> What to work on: Give again, exactly as written, each line of the material below starting at the line that contains "Turner - Newark Abbey Poster (Front)" and ending at the line that contains "WLL Unisex Lightweight". Both ends count, and no other line does.

> Records for processing:
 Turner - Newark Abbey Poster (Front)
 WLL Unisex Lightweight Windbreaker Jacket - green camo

--

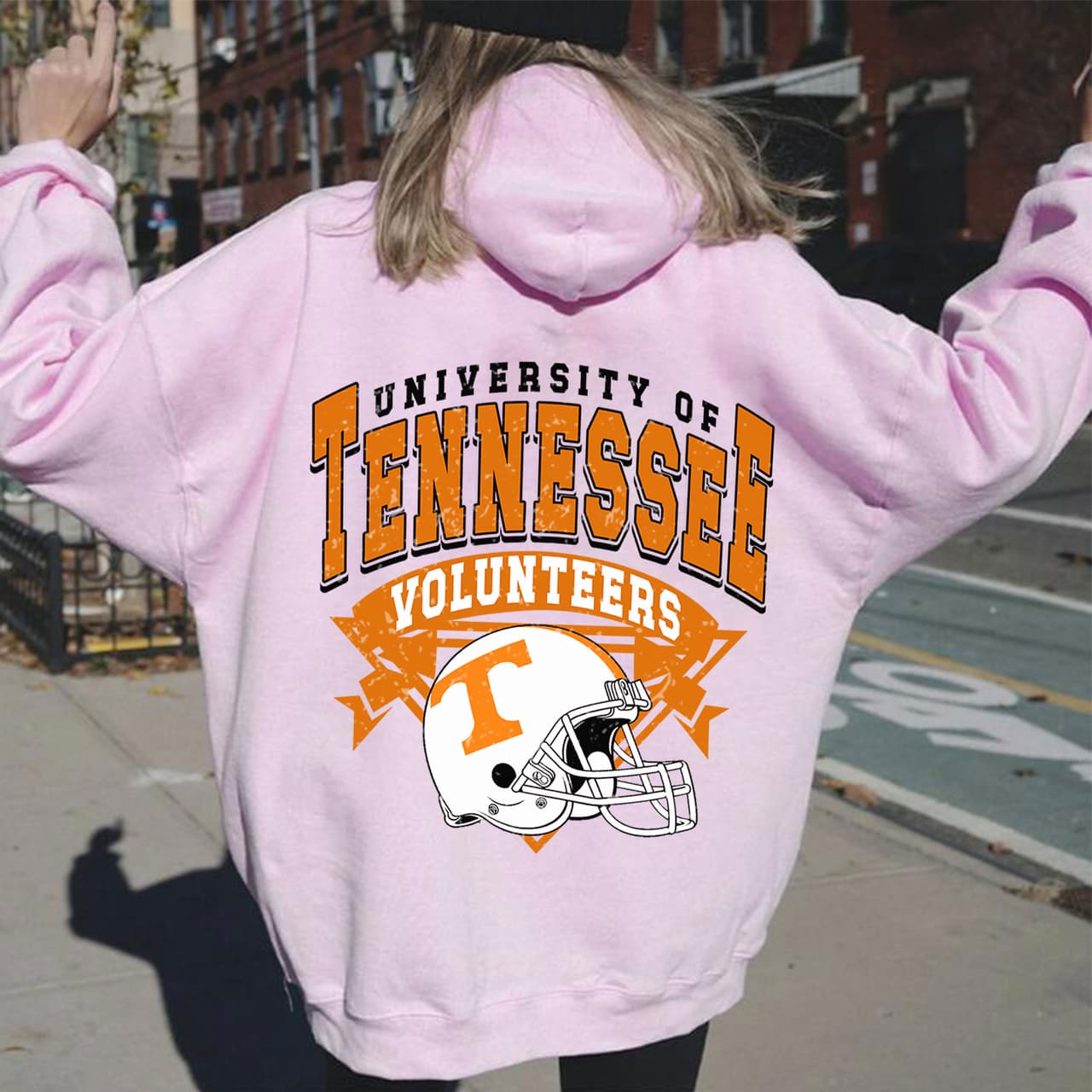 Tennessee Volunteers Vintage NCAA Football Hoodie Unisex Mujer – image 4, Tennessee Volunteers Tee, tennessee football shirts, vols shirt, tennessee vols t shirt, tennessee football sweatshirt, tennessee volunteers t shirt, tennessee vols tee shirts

> Exercise result:
 Turner - Newark Abbey Poster (Front)
 WLL Unisex Lightweight Windbreaker Jacket - green camo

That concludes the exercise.